――よく聞く「悪役令嬢系」は少し毛色が違いますよね?
坪井 「スタンダード令嬢系」は舞台は異世界ですが、ストーリー自体は普通の恋愛小説に近く、携帯小説やハーレクインなどのいわゆる「ベタベタな恋愛小説」の流れをくんでいます。一方で「悪役令嬢」は男性向けラノベやゲームの影響をより強く受けていて、異世界転生ジャンルの女性向け版として生まれています。時期的には2019年から目立ちはじめて2020年にブレイクしたイメージですね。
すず木 「悪役令嬢」はもともと乙女ゲー(男性を攻略する女性向けの恋愛ゲーム)やマンガに出てくる悪役の女性のことで、かなりゲームっぽい世界観を引き継いでいます。本来であればゲームの主人公ヒロインに負けて破滅する女性キャラに転生してしまい、破滅を回避してハッピーエンドを目指すのがテンプレの形です。
「悪役令嬢」の主人公が鈍感というより合理的な理由
――ゲームの「あるある」を逆手に取った設定のぶん、前提知識はある程度必要になりそうですね。
すず木 普通の恋愛小説として読みやすい令嬢系よりも、少しコアな層を狙ったジャンルではありますね。
代表作には『乙女ゲームの破滅フラグしかない悪役令嬢に転生してしまった』(通称「はめふら」)があります。
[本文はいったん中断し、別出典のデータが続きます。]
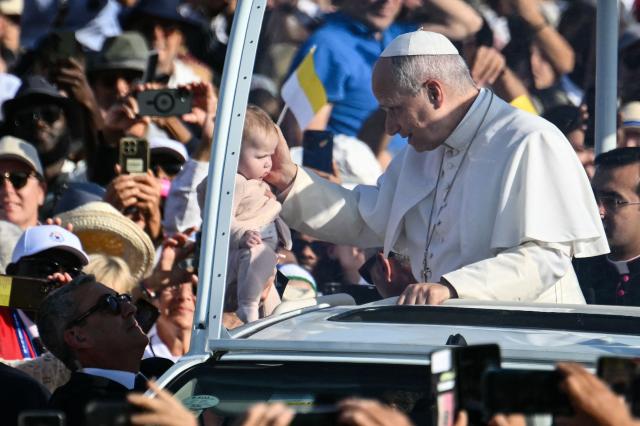 TOPSHOT - Pope Leo XIV blesses a child as he arrives on board of the Papamobile (popemobile) to celebrate a holy mass at the Prairie of the Shrine of Our Lady of Lourdes, southwestern France, on September 27, 2026 on the third day of his visit to France. (Photo by Alberto PIZZOLI / AFP)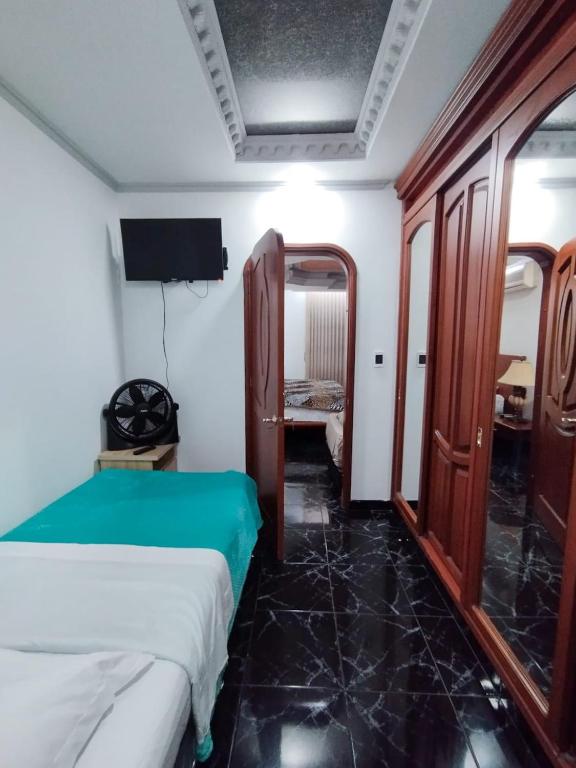 Postel nebo postele na pokoji v ubytování Hotel Miluansa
「映画の中で『戦争が終わったら結婚しよう』と言う人が死ぬ」のような、いわゆる“破滅フラグ”満載のゲームの世界に転生した女性主人公が、一生懸命フラグを回避する物語です。次々表れる「あるある」な破滅フラグをどう避けるかのハラハラ感、回避できた時のスッキリ感が人気です。
――「スタンダード令嬢系」では鈍感で奥手な主人公が人気とのことでしたが、「悪役令嬢」はもうちょっとコミカルで必死なんですね。
坪井 ゲーム的な世界に現代人が転生しているので、主人公は純朴というよりは客観的に考えて未来を計算することが多いですね。ヒロイン役の女性に意地悪をすると破滅が近づいてしまうので、人助けをするのも優しく振舞うのも自分が生き残るため、という合理的な面が強いです。
――「悪役令嬢系」では敵役になる、本来のヒロイン側はどう描かれるのでしょうか。ちょっとややこしいのですが……。
すず木 (笑)。例えば『はめふら』だと、悪役令嬢に転生した主人公がヒロインをいじめる代わりに助けようとすることで、人間関係が大きく変化していきます。悪役令嬢を見限ってヒロインと結ばれるはずだったイケメン王子様が悪役令嬢のことを好きになり、ヒロインも悪役令嬢を慕うようになります。全員が幸せな世界が訪れるんです。
――1周まわって「スタンダード令嬢」のような形に(笑)。